Antologia Corta-Fitas (XV)
No princípio dos anos 80 La Familia Ingalls – assim foi traduzida para castelhano a série norte-americana Little House on the Prairie – foi uma das séries mais amadas na Argentina. Vivia eu em Buenos Aires com os meus pais e irmãos e por isso recordar a saga de Michael Landon é lembrar-me desses tempos em Olivos. Creio até que foi a primeira série que vi. Com seis e sete anos não reparava que cada episódio encarnava os postulados arreigados da moral protestante da América. Nem me apercebia de que o melodrama de uma família rural norte-americana à procura do seu lugar no velho Oeste do século XIX continuava a ser a expressão, mais de um século depois, do sonho americano. O que eu sim reparava, de maneira irreflectida claro, era na intensidade da figura do Pai – Charles Ingalls, interpretado por Michael Landon. Cada episódio explorava a tensão entre a presença e a ausência do Pai. Se Charles não estava, tudo parecia correr mal à boa família de Plum Creek - a mãe, Carolyne, e as três filhas – Mary, Laura e Carrie. Charles era a protecção, a sabedoria, a força física daquelas mulheres. Laura era de facto a protagonista – a doce rebelde e desassombrada Laura Ingalls (Melissa Gilbert). Mas era à sombra do Pai, o seu ídolo, que ela respirava liberdade. Mesmo os pícaros irmãos Nellie e Willie, filhos do ridículo e snob casal Oleson - Nels e Harriett - donos do armazém, se rendiam perante a estatura moral do Pai Ingalls. Aliás, a família Oleson era precisamente o contraponto dos Ingalls. Com os Ingalls ríamo-nos dos perversos, mas também desastrados Oleson. Com os Ingalls moralizávamos tudo e todos.

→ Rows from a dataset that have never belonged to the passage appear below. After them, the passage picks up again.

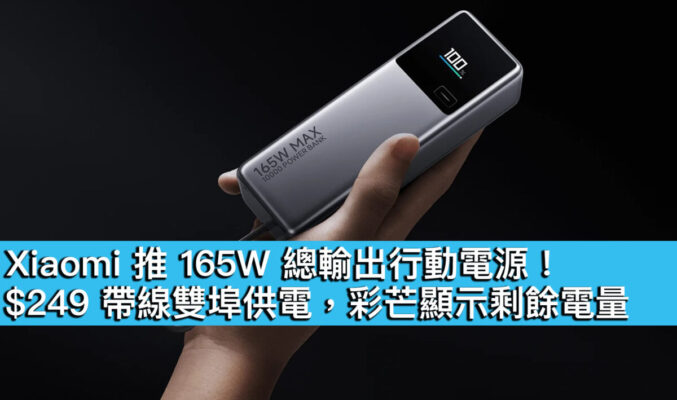 Xiaomi 推 165W 總輸出行動電源！$249 帶線雙埠供電，彩芒顯示剩餘電量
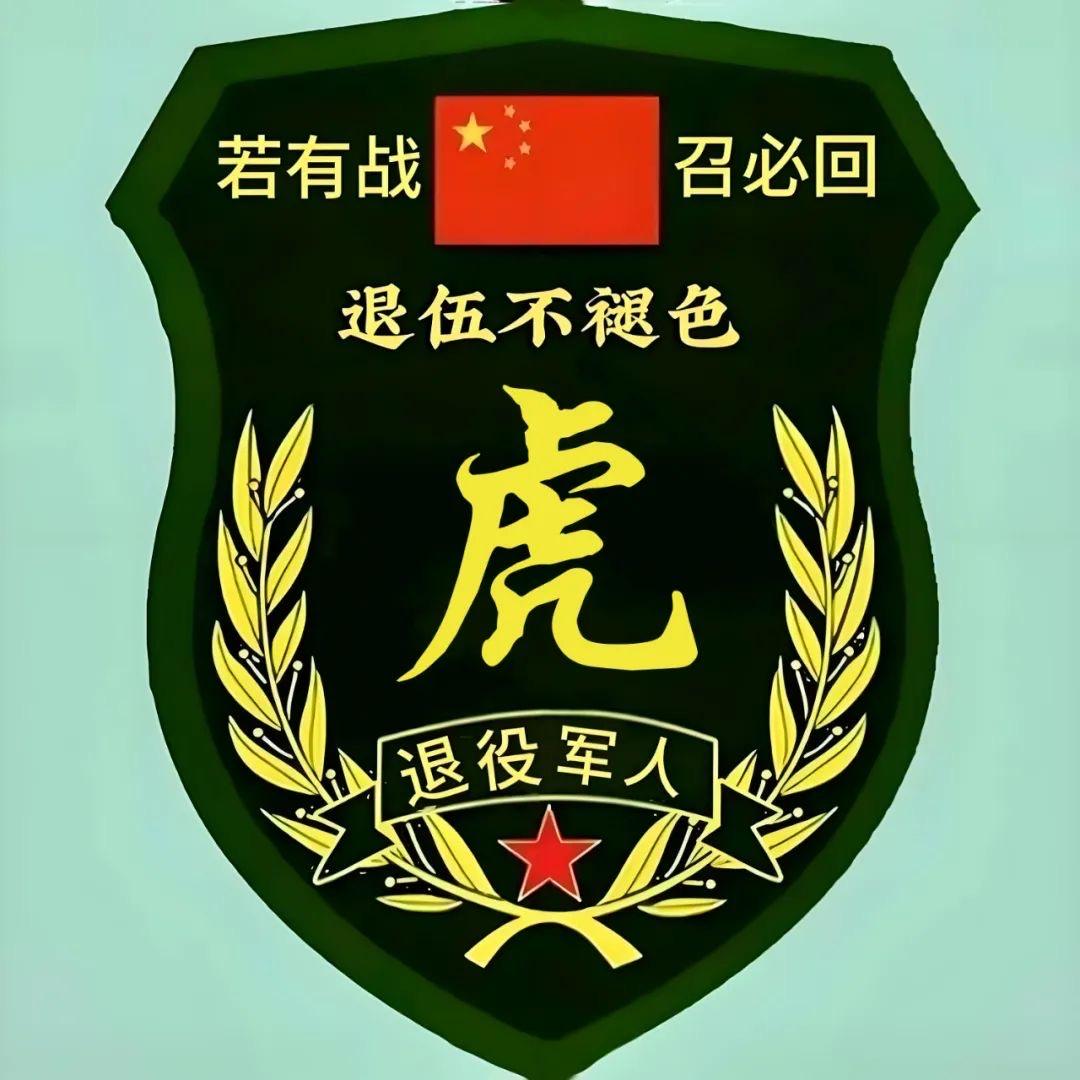 虎哥🐯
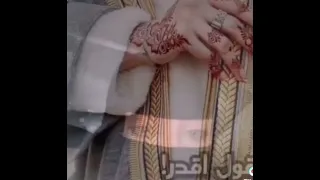 يلي مو قد الشوق لا 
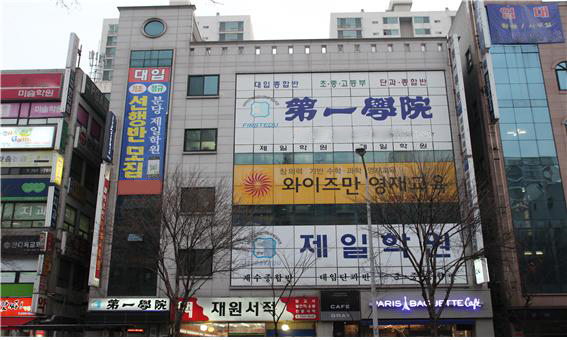 분당제일학원! 겨울방학 9주 집중프로그램, 2020 윈터스쿨 개강 모집 시작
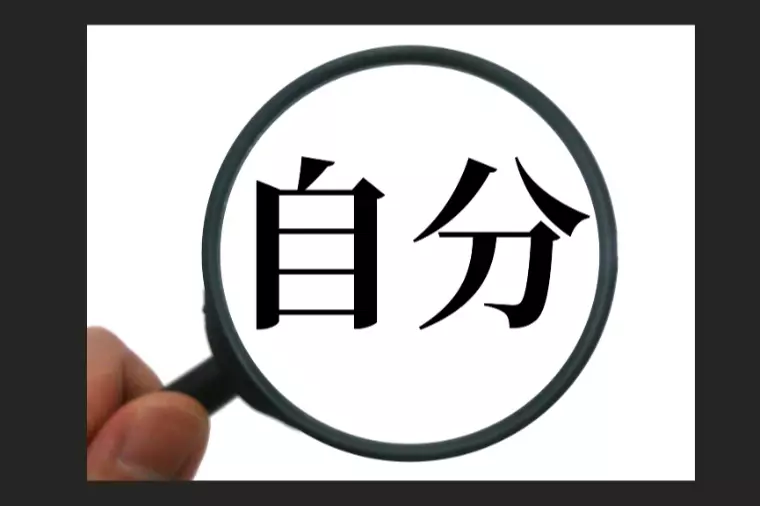 婚活　自分を出すことの大切さ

Michael Landon nunca escondeu a agenda moralista da série. Ele próprio decidiu fazer dos escritos de Laura Ingalls Wilder (Little House, 1938) um exemplo. E o que é certo é que durante nove anos consecutivos (de 1974 a 1983) a NBC fez sucesso ao defender os valores da família unida que superava sempre todo o tipo de contrariedades e até as discriminações de cara alegre. À parte o irrealismo moral, foi uma série que me prendeu à televisão e que hoje me leva a questionar o que fez desaparecer tão repentinamente a figura do Pai da cultura familiar ocidental.